The goal of the “Vulnerability Disclosure Program” (VDP) is to find and fix flaws in the email programs, mobile devices and industrial software used by Pentagon contractors before malicious hackers can take advantage of the vulnerabilities.
“We really wanted to focus on those smaller defense contractors that may not have all the budgets and resources,” said Melissa Vice, interim director of the Department of Defense Cyber Crime Center’s DOD Vulnerability Disclosure Program. The Pentagon declined to identify the participating contractors, or the exact software that was probed.
VDPs, in which vetted cyber specialists scour systems for flaws and report them internally, are common practice in the private sector. The Pentagon has been running a VDP since 2016, but the goal is to permanently expand the program to defense contractors following the pilot.
The National Security Agency, which is charged with helping protect defense contractors from hacking, is investigating both of the Russian and Chinese spying efforts.

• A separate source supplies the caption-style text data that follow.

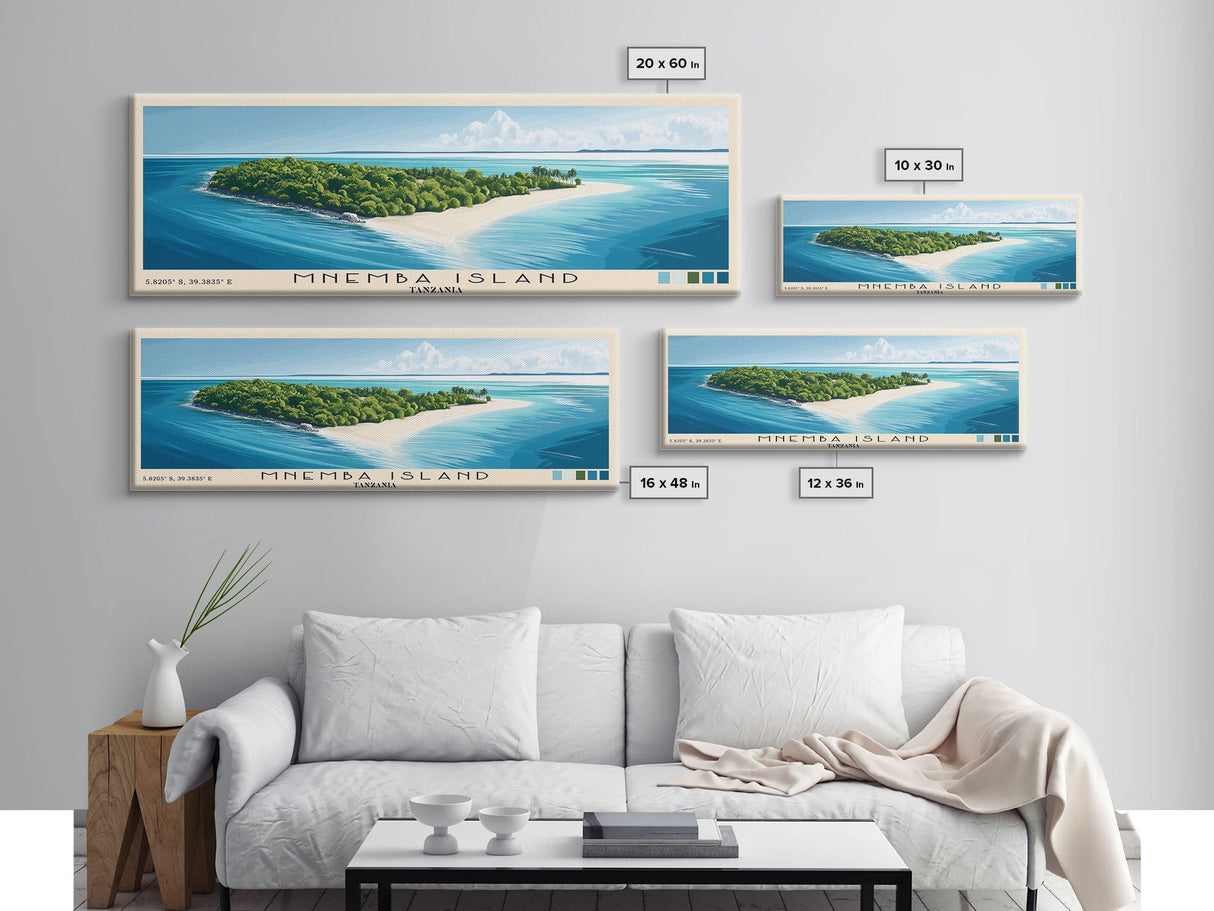 Mnemba Island, Tanzania Panoramic Beach Print, Vacation Gift, Tanzania Wall Art, Beach Painting, Beach Decor, Beach Painting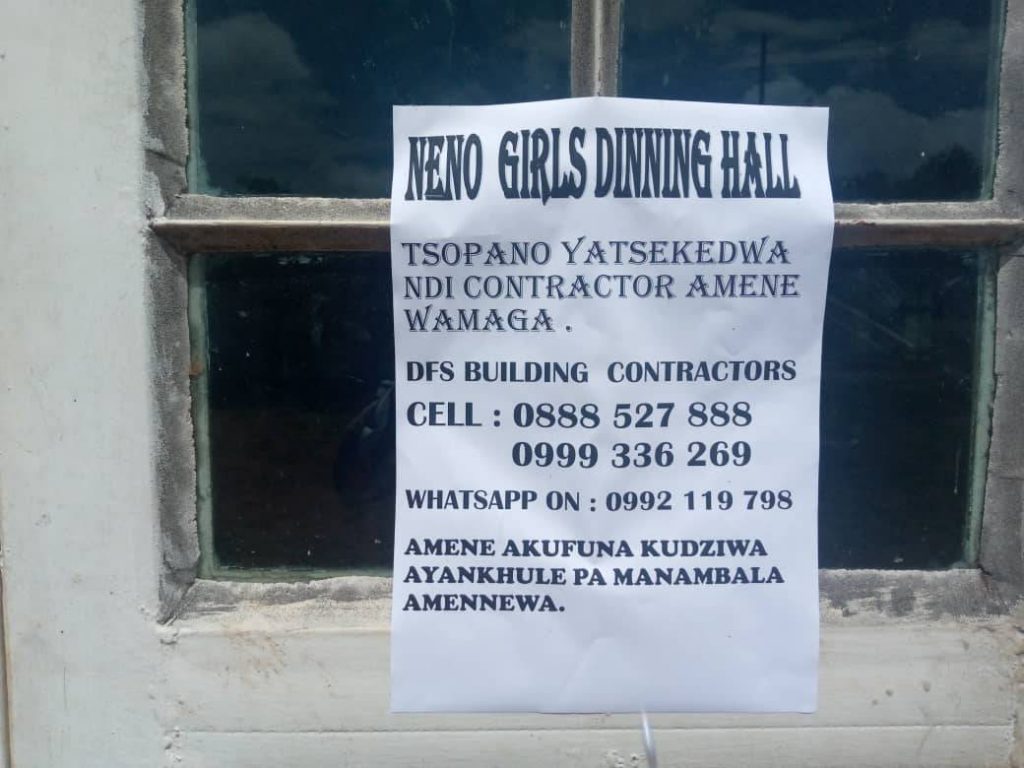 Contractor takes on Blantyre Synod, seals Neno Girls Secondary school dining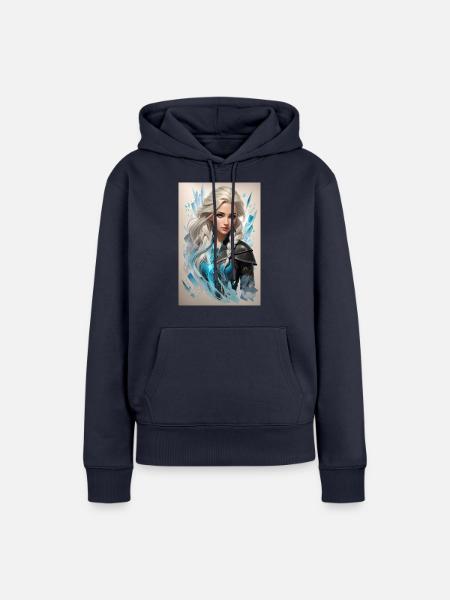 Frau weißes Haar - Frauen Premium Bio Hoodie - Navy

Forty-one companies participated in the VDP pilot program for defense contractors. Some defense contractors in the pilot program were unaware that certain IT systems were publicly accessible until researchers pointed them out, Vice said.
But an estimated 300,000 companies comprise the US defense industrial base, according to Vice. Her next step is to figure out how to get regular funding for the program, and perhaps how to automate it so that many more contractors can participate.
“This is … a long-term look at how we can take that defense-in-depth layering and extend that umbrella of protection over the defense industrial base,” Vice told CNN.